My eyes burned and no matter how hard I tried, I couldn’t stop the tears from rolling down my cheeks. He gripped my shoulders and even though I wanted to shove him back, I just couldn’t. When was the last time he’d touched me without it being a threat? Maybe this was a threat. It didn’t make me feel safe.
“She would’ve been so proud of you,” he said. “West, she’d be at every game, every practice, even. She loved football. She’d scream in the stands and she’d love you better. Better than I could.”
“She’d be disappointed in you.”
He dropped his hands and closed his eyes. “Yes, she would. You’re so much like her, you know. She was bright, always smiling.”
“Just stop.”
“No, you should know.”
“I don’t want to know. I don’t want anything from you, Dad. I don’t want you here or in my life.”
“I’m sorry.
“Stop fucking saying that!” I turned around, ready to walk away, then whirled on him again. “No, you know what’s worse?

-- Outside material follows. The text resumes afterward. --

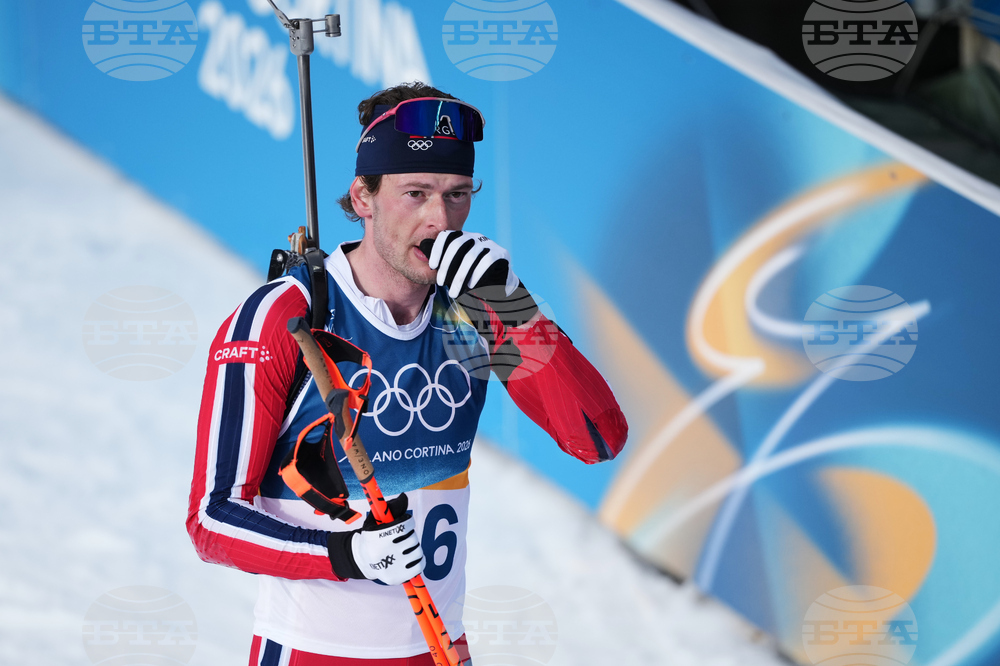 Milan Cortina Olympics Biathlon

I do want you here. I want you to be my fucking dad, but you can’t. You can’t.”
I thought about what Sen said on the football field. It settled into my bones, making even more sense than before. He was smarter and more self-aware than me. I hadn’t realized it at the time and I’d thought that his words didn’t change anything, but now it felt like he was preparing me in case this sort of thing happened.
Meeting his eyes for the first time, I lifted my chin and shrugged. “It’s too late. I never got to know Mom. I didn’t have to; I know that she’d be angry. But you know what? She’d be more disappointed in what happened after. What you became. I think that ruined us both more than James ever did. So, no. It’s not good enough. I can’t forgive you, but I understand you. That’s all I have.”

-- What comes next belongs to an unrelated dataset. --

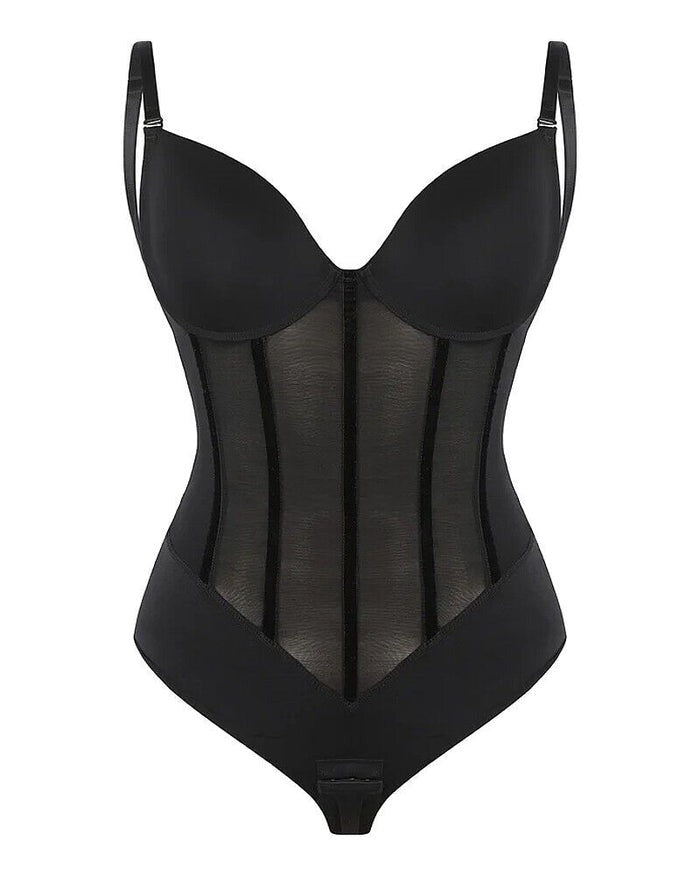 Shapewear® | Kroppens Formende Uden Ryg Bodysuit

Broken. That was what my Dad looked like now. All of the shit he’d projected onto me was finally attacking him and for the first time, he didn’t get to pawn it off. I’d carried his guilt and his pain for ten years. I was done.
I turned around, but his voice stopped me. “I wish it could be different, West.”
Without looking back, I shoved my hands in my pockets. “Yeah, me too, Dad.”
When I left him there, it didn’t feel as freeing as I’d hoped. It was the right thing for me; I knew that. I was pissed that it still hurt, though. I didn’t want to hurt anymore.
I guess you couldn’t heal everything. Not all things could be fixed. And maybe that was okay. We adapted and learned how to be happy, even if we were missing some pieces. Even if those pieces were carved out of us with a jagged knife.
The idea of losing more made me ache somewhere deep inside. I was letting go of my dad, or at least trying, but I couldn’t rid myself ofthe fear that came with putting myself in a position to feel like this again. I’d rather be alone for the rest of my life than be cut open over and over.
“I’ve got you, Willow. I’ll never let anything bad happen to you again. It’s me and you. No matter what happens, me and you.”